SOURCE DATA Block Start

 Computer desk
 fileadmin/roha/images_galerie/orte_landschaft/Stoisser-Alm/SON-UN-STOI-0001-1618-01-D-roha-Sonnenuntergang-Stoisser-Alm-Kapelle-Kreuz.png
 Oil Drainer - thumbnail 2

SOURCE DATA Block End
SOURCE DATA Block Start

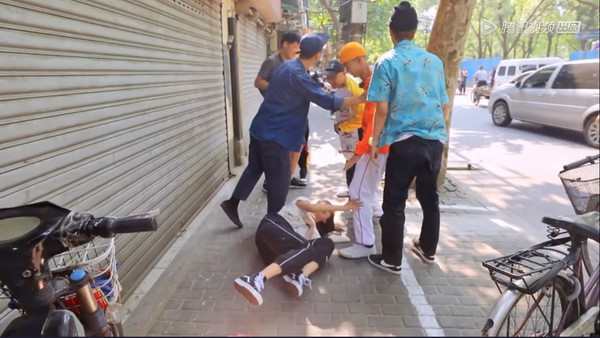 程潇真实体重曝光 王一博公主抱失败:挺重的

SOURCE DATA Block End

* **WHAT IS BEING ASKED**
Among the entries above, locate the lines containing "Computer desk" and "Oil Drainer - thumbnail 2", and transcribe exactly those two lines and all lines between.

* **WRITTEN SOLUTION**
 Computer desk
 fileadmin/roha/images_galerie/orte_landschaft/Stoisser-Alm/SON-UN-STOI-0001-1618-01-D-roha-Sonnenuntergang-Stoisser-Alm-Kapelle-Kreuz.png
 Oil Drainer - thumbnail 2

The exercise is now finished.